(DATA EXTRACTS):
- Opening Delimiter -

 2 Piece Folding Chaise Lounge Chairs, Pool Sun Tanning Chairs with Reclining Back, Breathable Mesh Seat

- Closing Delimiter -
- Opening Delimiter -

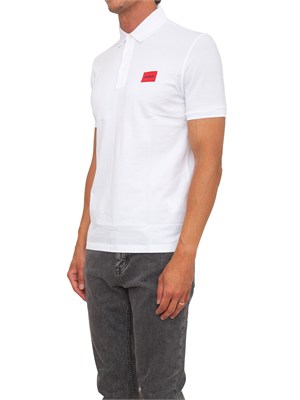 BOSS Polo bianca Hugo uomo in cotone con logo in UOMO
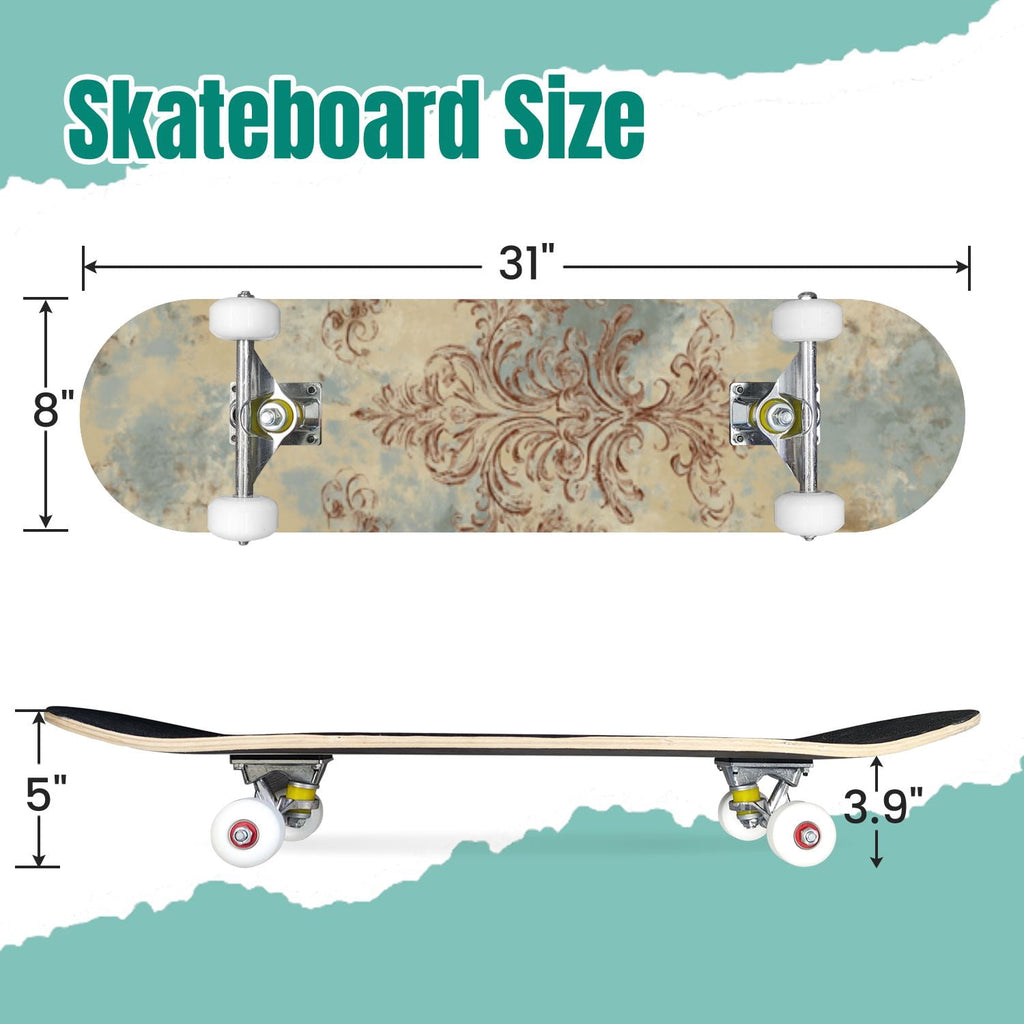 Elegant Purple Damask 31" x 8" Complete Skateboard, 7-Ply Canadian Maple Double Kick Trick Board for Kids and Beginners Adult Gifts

- Closing Delimiter -

(YOUR INSTRUCTIONS): In the listing above, find the line with "BOSS Polo bianca" and the line with "Elegant Purple Damask". Output both, plus every line between them, and no pictures.

(RESULT):
 BOSS Polo bianca Hugo uomo in cotone con logo in UOMO
 Elegant Purple Damask 31" x 8" Complete Skateboard, 7-Ply Canadian Maple Double Kick Trick Board for Kids and Beginners Adult Gifts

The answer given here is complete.